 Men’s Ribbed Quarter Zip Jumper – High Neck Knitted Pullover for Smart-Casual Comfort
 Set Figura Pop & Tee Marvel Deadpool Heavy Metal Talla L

--

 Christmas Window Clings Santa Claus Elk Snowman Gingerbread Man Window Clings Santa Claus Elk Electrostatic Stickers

**TASK PROMPT**
Retype the portion of the data above that starts on the line with "Men’s Ribbed Quarter" and finishes on the line with "Set Figura Pop", including both of those lines.

**WRITTEN ANSWER**
 Men’s Ribbed Quarter Zip Jumper – High Neck Knitted Pullover for Smart-Casual Comfort
 Set Figura Pop & Tee Marvel Deadpool Heavy Metal Talla L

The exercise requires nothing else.